Traditional separation logic-based shape analyses utilise inductive summarising predicates so as to capture general properties of the layout of data-structures, to verify accurate manipulations of, e.g., various forms of lists or trees. However, they also usually abstract away content properties, so that they may only verify memory safety and invariance of data-structure shapes.
In the first part of this talk, we introduce a novel abstract domain to describe sequences of values of unbounded size, and track constraints on their length and on extremal values contained in them. We define a reduced product of such a sequence abstraction together with an existing shape abstraction so as to infer both shape and content properties of data-structures. We report on the implementation of the sequence domain, its integration into a static analyser for C code, and we evaluate its ability to verify partial functional correctness properties for list and tree algorithms.

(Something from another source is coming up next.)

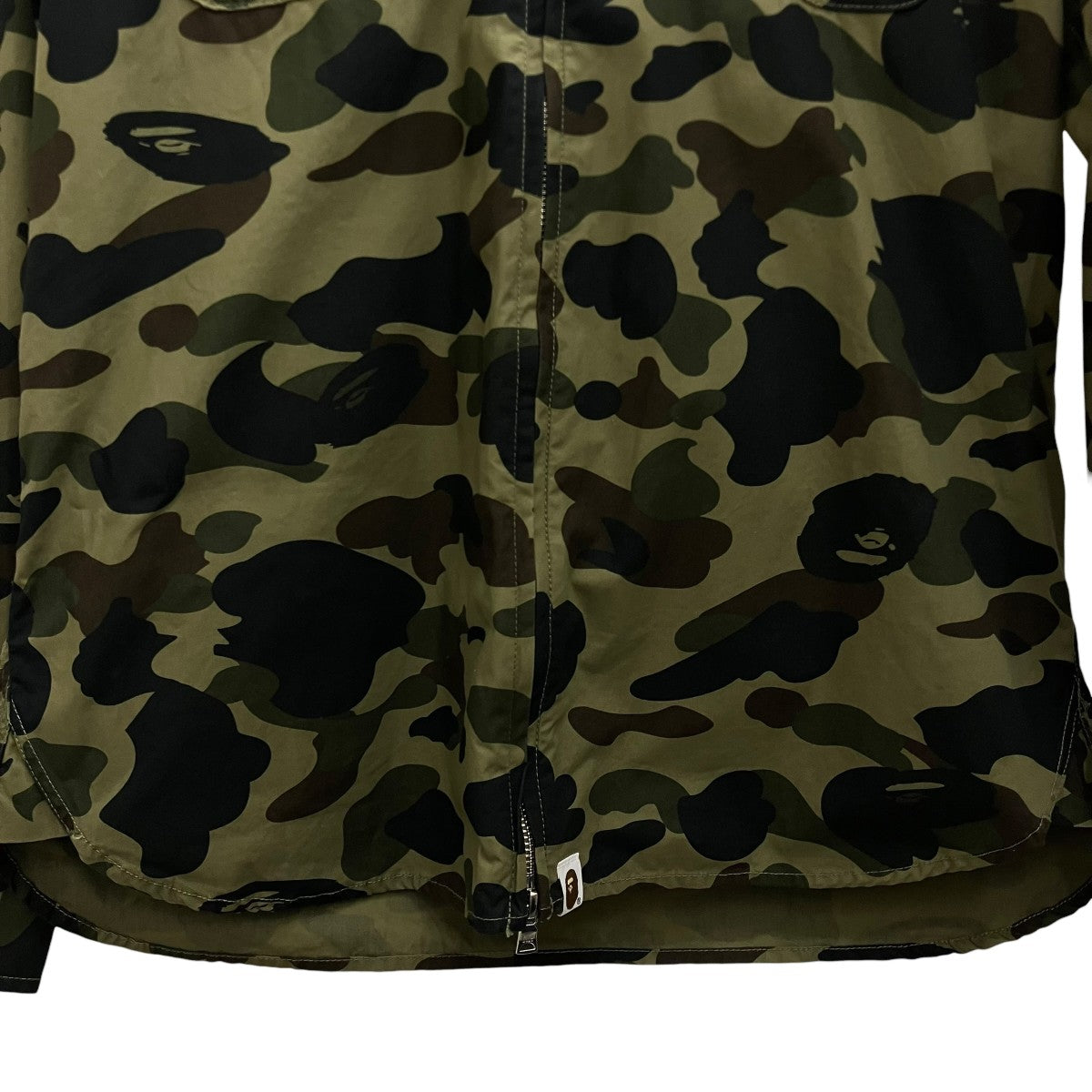 A BATHING APE 【SHARK HOODED SHIRT】シャークフーデッドシャツ001SHF301012X 古着・中古-4枚目のアイテム画像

In the second part, we consider application of this static analysis framework to the verification of the functional correctness of a micro-kernel. Our verification method inputs the global invariant of the operating system (data-structures and consistency conditions) and carries out automatic static analysis for each system call to verify preservation of the global invariant.

Prof. Xavier Rival’s research focus is on static analysis for the verification of semantic properties of programs. His work is on abstract interpretation and more specifically on symbolic abstractions. He is the director of the Computer Science Department at Ecole Normale Superieure, Paris, France. He is also a Research Director at INRIAS Paris, Head of the ANTIQUE(ANayste staTiQUE) Project.